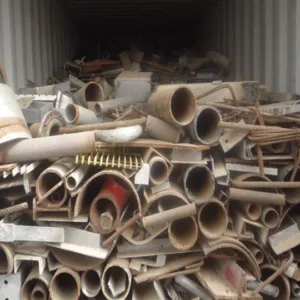 HMS1 and HMS2 heavy melting steel scrap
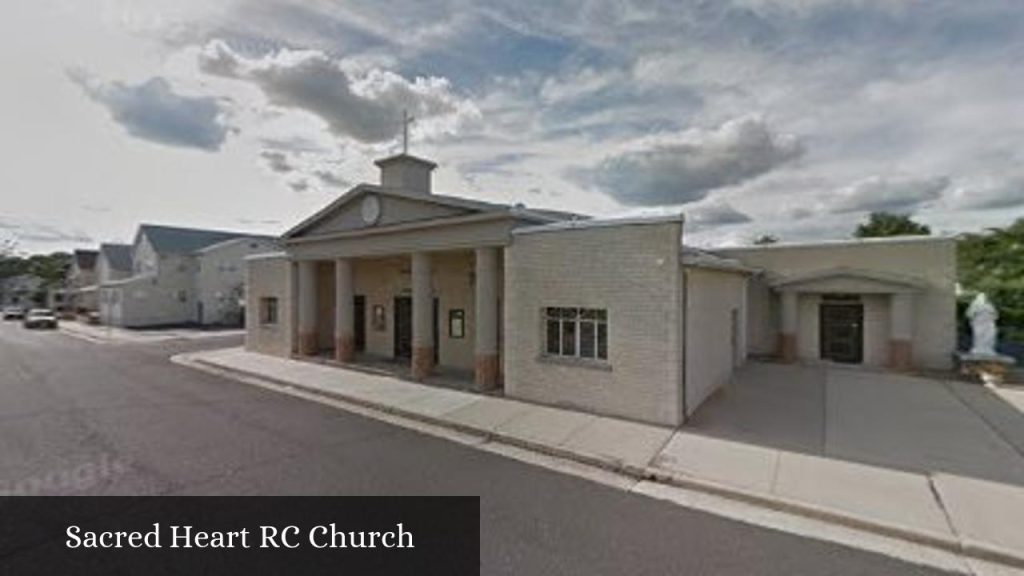Sacred Heart Rc Church - Manville (New Jersey)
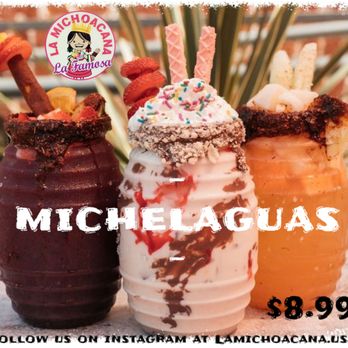 La Michoacana Fallbrook - Michelaguas - Ice Cream & Frozen Yogurt Near Me - Fallbrook, California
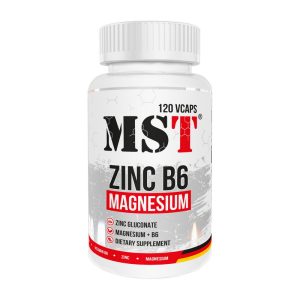 MST Zinc Magnesium B6 120 vcaps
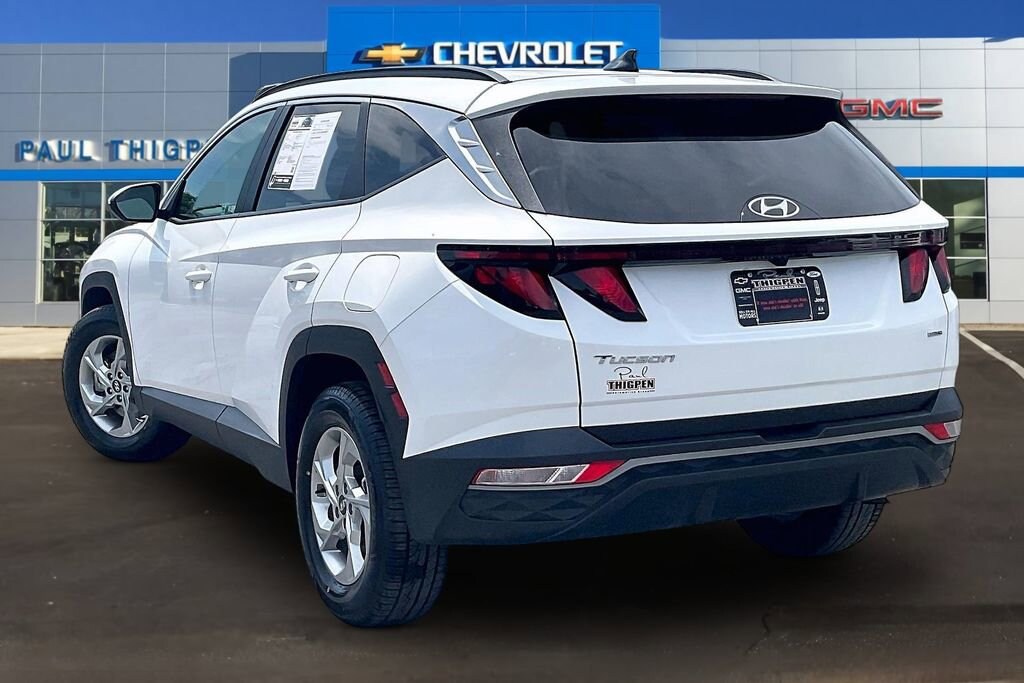 Used 2024 Hyundai Tucson SEL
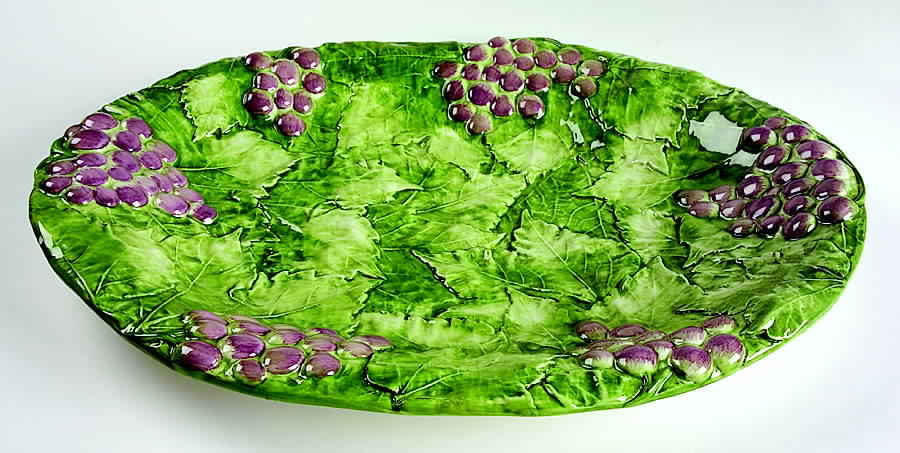 SMG4 17" Oval Serving Platter by San Marco-1
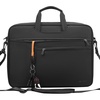 Сумка для ноутбука L236, черная с логотипом
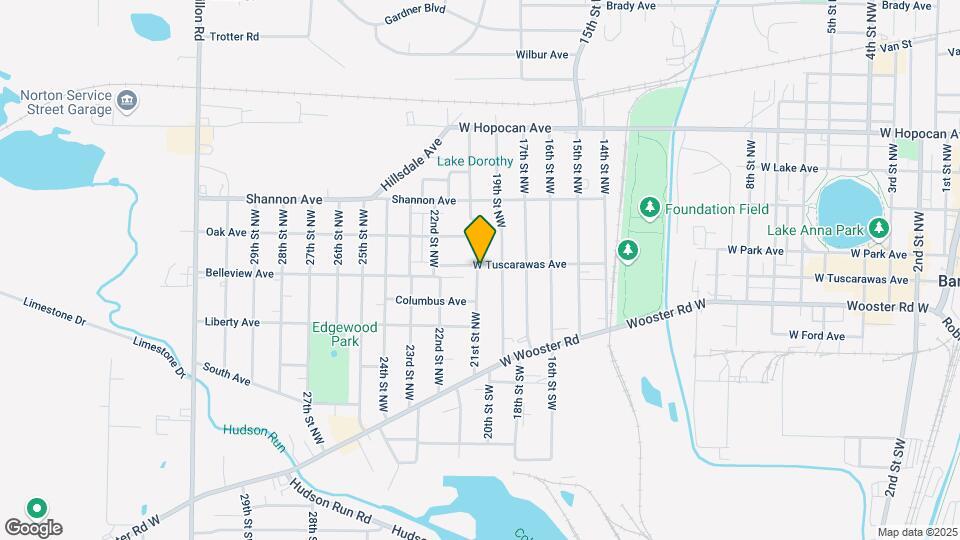 1010 W Tuscarawas Ave Map and Location Details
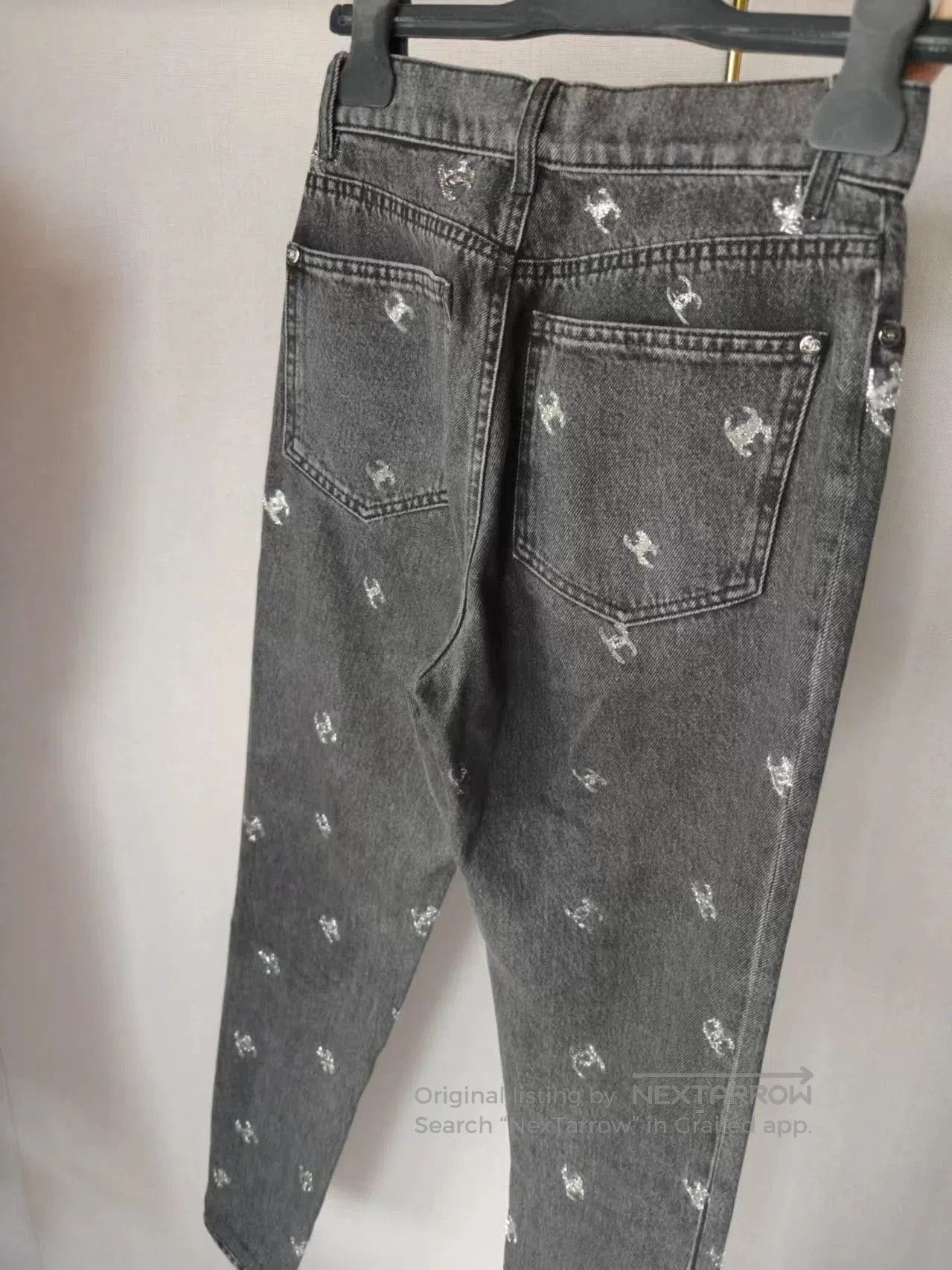 Chanel Chanel Women's Jeans. Size 26" / US 2 / IT 38 - 2 Thumbnail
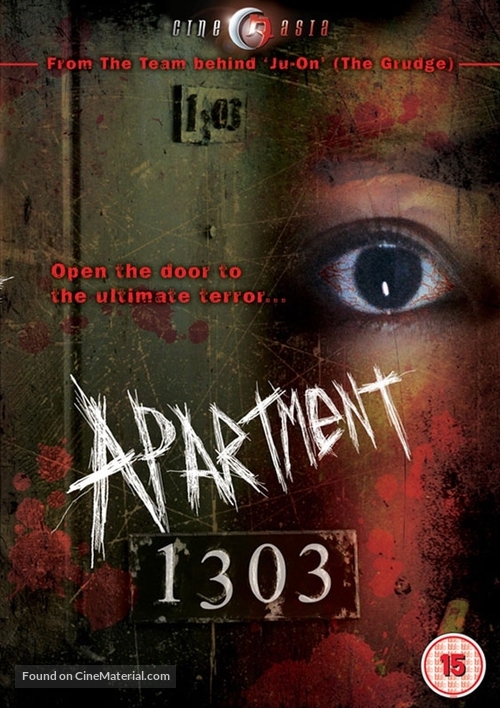Apartment 1303 - British poster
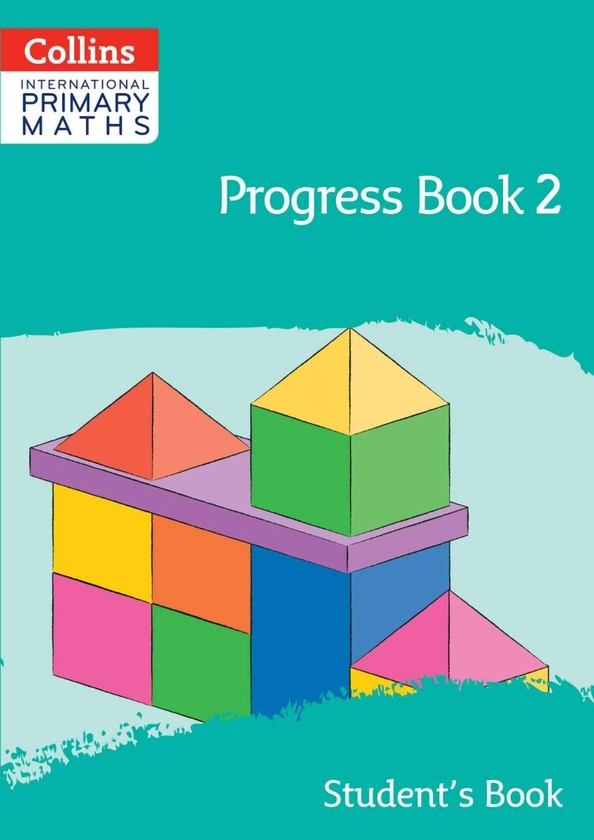 Бумажная книга «Collins International Primary Maths. Progress. Student's Book. Book 2», автор Питер Кларк - фото №1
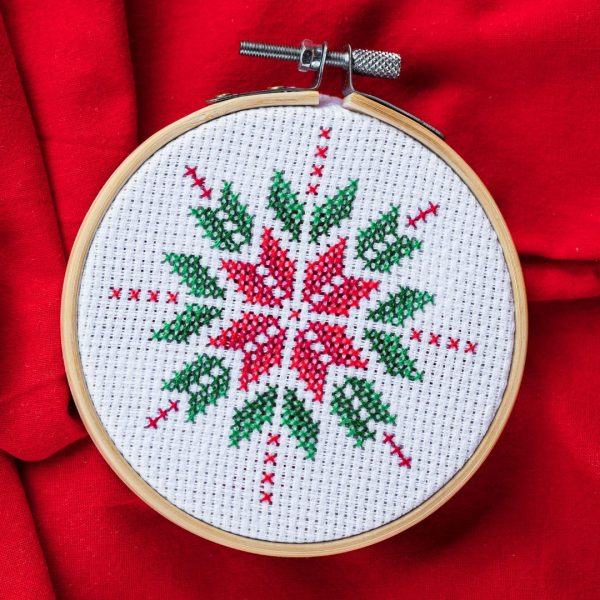 Cross-Stitch Ornaments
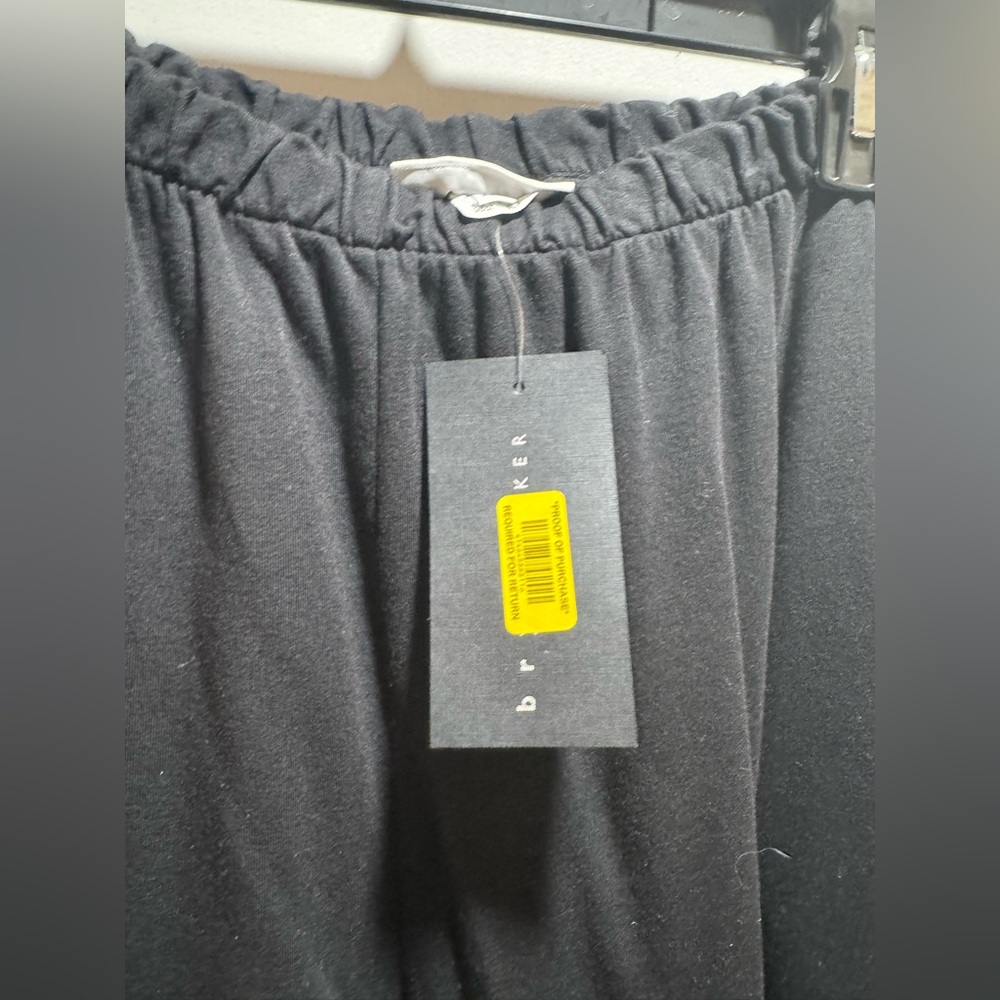 NWT Bryn Walker Oliver Pants in Black Size XL - Picture 2 of 10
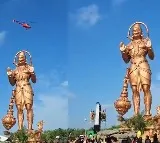 90 foot tall bronze statue of Lord Hanuman becomes new landmark in Texas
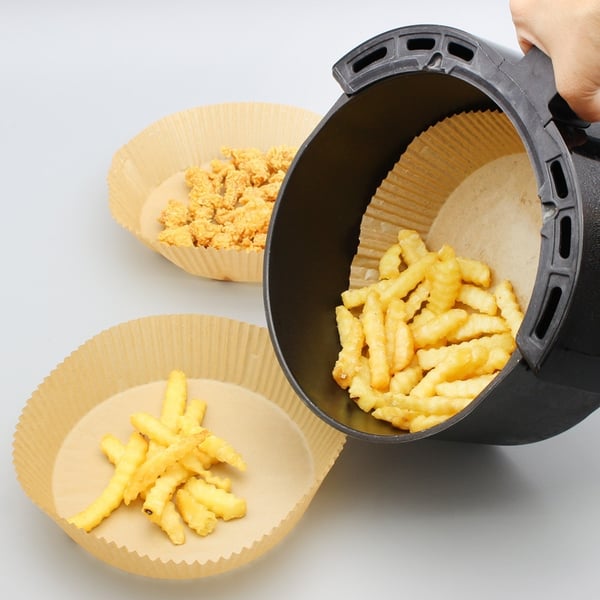 Air Fryer paperi - ruskea 100-pack 16 cm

### Your goal
Everything from the line with "La Michoacana Fallbrook" through the last line above should be reproduced exactly, both ends included; pictures must be omitted.

### Answer to this problem
 La Michoacana Fallbrook - Michelaguas - Ice Cream & Frozen Yogurt Near Me - Fallbrook, California
 MST Zinc Magnesium B6 120 vcaps
 Used 2024 Hyundai Tucson SEL
 SMG4 17" Oval Serving Platter by San Marco-1
 Сумка для ноутбука L236, черная с логотипом
 1010 W Tuscarawas Ave Map and Location Details
 Chanel Chanel Women's Jeans. Size 26" / US 2 / IT 38 - 2 Thumbnail
Apartment 1303 - British poster
 Бумажная книга «Collins International Primary Maths. Progress. Student's Book. Book 2», автор Питер Кларк - фото №1
 Cross-Stitch Ornaments
 NWT Bryn Walker Oliver Pants in Black Size XL - Picture 2 of 10
 90 foot tall bronze statue of Lord Hanuman becomes new landmark in Texas
 Air Fryer paperi - ruskea 100-pack 16 cm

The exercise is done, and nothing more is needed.